Um engenheiro pode ser responsabilizado, inclusive criminalmente, se causar prejuízos a alguém. E quem se responsabiliza pelas consequências das ideias de um sociólogo?
Por outro lado, será que não podemos também pensar que toda essa situação de “desagregação normativa”, como disse o filósofo Russell Kirk, não tem raízes também em ideias de intelectuais que julgavam o mundo muito “conservador” e “burguês”? Quem pode nos assegurar que a desvalorização da família nuclear, incentivada pelos intelectuais marxistas e da revolução sexual, não tem relação direta com os 11,5 milhões de mães que criam os filhos sozinhas, e da proliferação de filhos fora de um casamento estável – que, posteriormente, vão gerar os 70% de jovens que, infelizmente, entram para a vida do crime? Mas os institutos de pesquisa, por influência dos intelectuais, passaram a racializar as estatísticas de forma inconsequente, a fim de forçar uma narrativa de genocídio e exclusão – racial e não social. Mas quem pode nos afirmar, com certeza, ao que nos levará essa absolutização do racismo como nosso pecado original secular?
Não que a situação alarmante que vivemos não demande uma análise sobre suas causas profundas. Óbvio que sim, e essa deveria ser a atividade dos intelectuais e dos especialistas técnicos. Entretanto, é preciso assumir que nosso papel de intérpretes da realidade e juízes da história deve ser mediado pela consciência de nossas limitações, ainda mais sabendo que, com bem diz Sowell, “o trabalho de um intelectual começa e termina com ideias, sem levar em conta a influência que essas ideias possam ou não exercer sobre a vida concreta – nas mãos de terceiros”. E mais: a história nos mostra que “as restrições que se aplicam às pessoas na maioria dos outros campos profissionais não se aplicam nem de forma aproximada aos intelectuais”. Ou seja, um engenheiro deve submeter o seu projeto a testes laboratoriais, caso contrário pode ser responsabilizado, inclusive criminalmente, se causar prejuízos a alguém. E quem se responsabiliza pelas consequências das ideias de um sociólogo? Assumir a máxima de Karl Marx, de que devemos passar da análise para a transformação do mundo, é legitimar a tentação de fazer da sociedade cobaia para experimentos sociais pelos quais os intelectuais não têm sido responsabilizados.
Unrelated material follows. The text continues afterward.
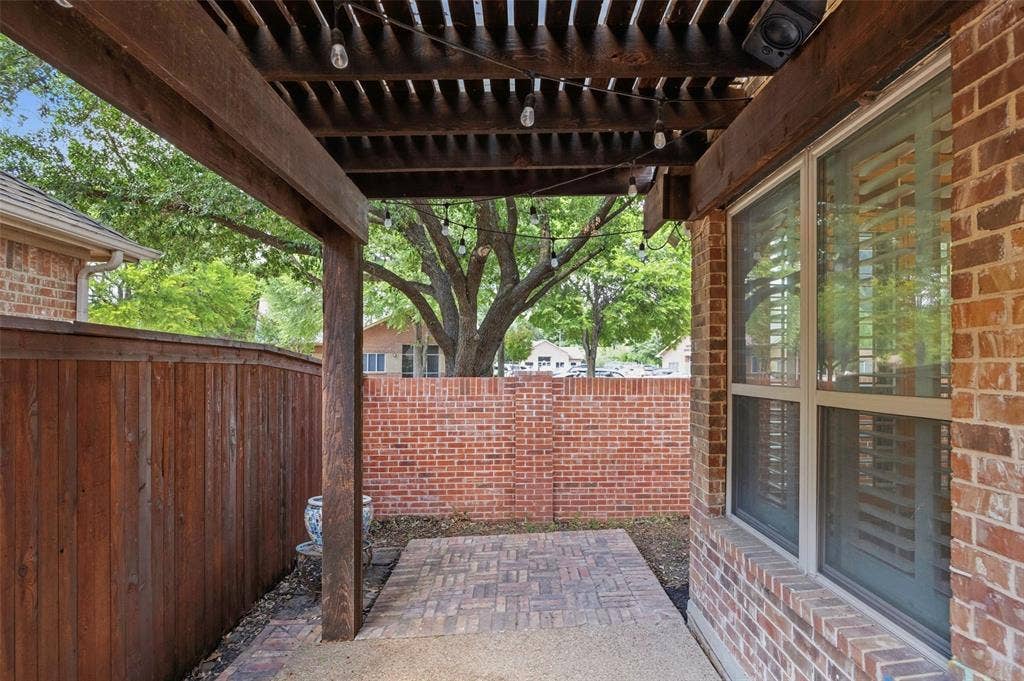 2508 Waters Edge Lane, Fort Worth, TX 76116 2508 Waters Edge Lane, Fort Worth, TX 76116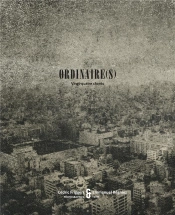 Ordinaire(S) ; Vingt-Quatre Chants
Voltando ao início deste artigo, tais assassinatos não devem ser normalizados. E devemos, após chorar a morte de cada inocente, cobrar responsabilidade da Justiça e daqueles que são eleitos para propor soluções – inclusive para mudar supostos vícios de nossos sistemas. No entanto, políticos não devem ser para-raios de ideologias nem reprodutores de narrativas. Se, numa democracia, grupos ideológicos devem ter representação política, suas propostas devem ser confrontadas com a realidade dos fatos, e nossa indignação não pode passar ao largo de nossas próprias responsabilidades, não só para que não sejamos vítimas, mas para que também não vitimemos injustamente o outro.